== Segment start ==

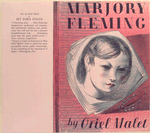 Marjory Fleming.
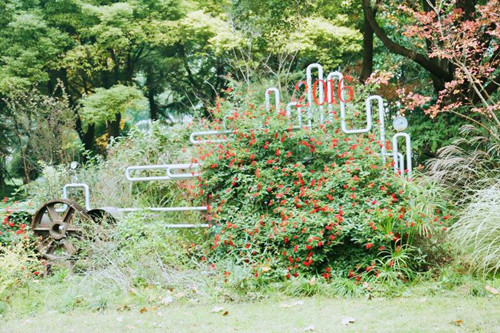 2017園冶杯專業獎現場評審報道(杭州站)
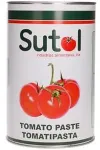 Sutol Tomatipasta 28-30% 4,55kg
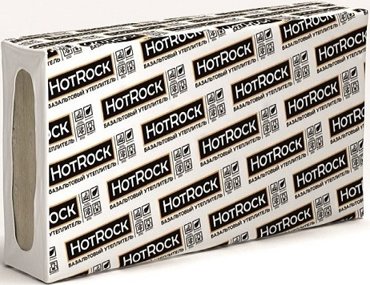 Hotrock Лайт 1200x600 50 мм Минеральная вата 370₽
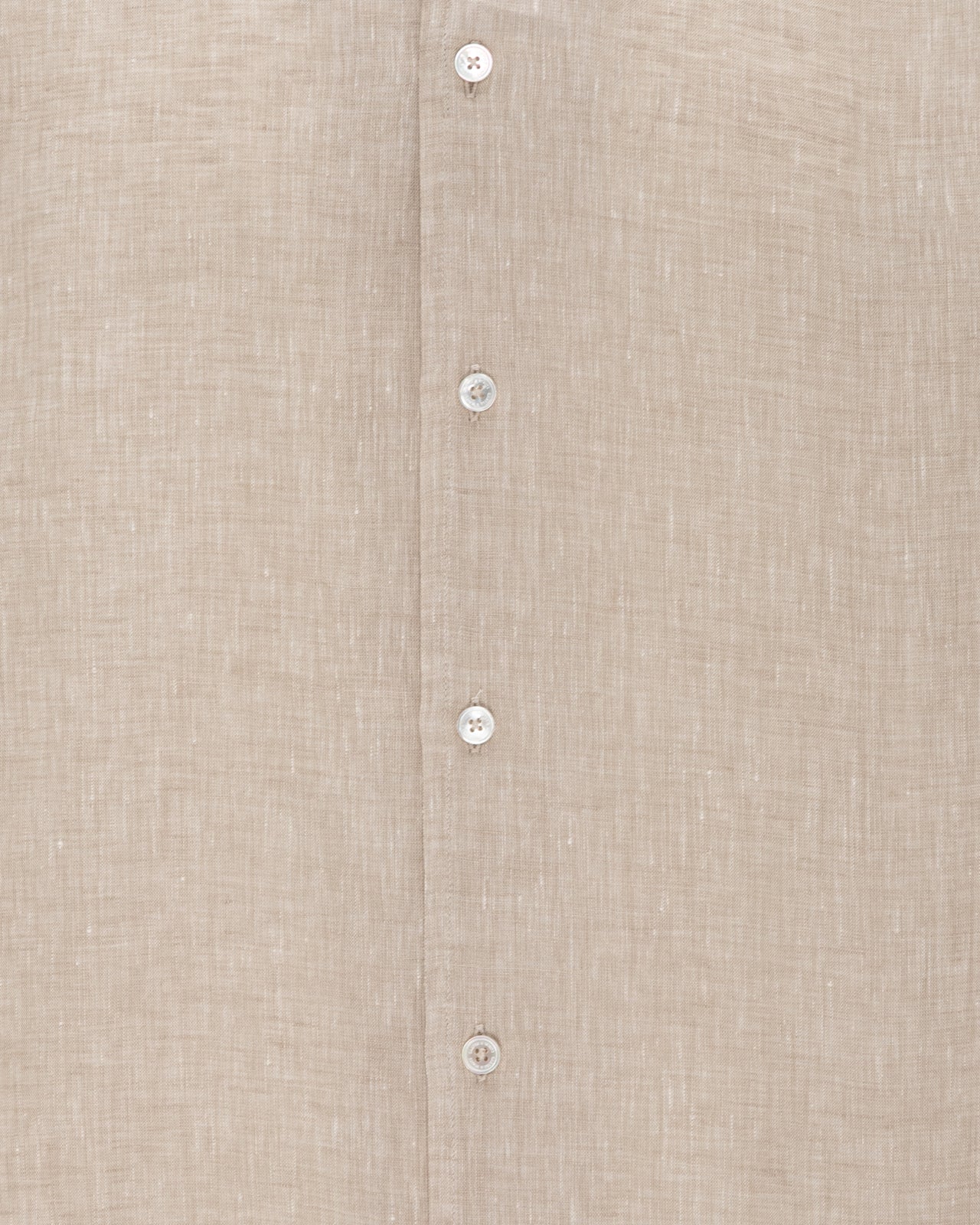 Men Carter Linen Shirt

== Segment end ==

Retype everything in the material word for word, minus pictures.

Written response
 Marjory Fleming.
 2017園冶杯專業獎現場評審報道(杭州站)
 Sutol Tomatipasta 28-30% 4,55kg
 Hotrock Лайт 1200x600 50 мм Минеральная вата 370₽
 Men Carter Linen Shirt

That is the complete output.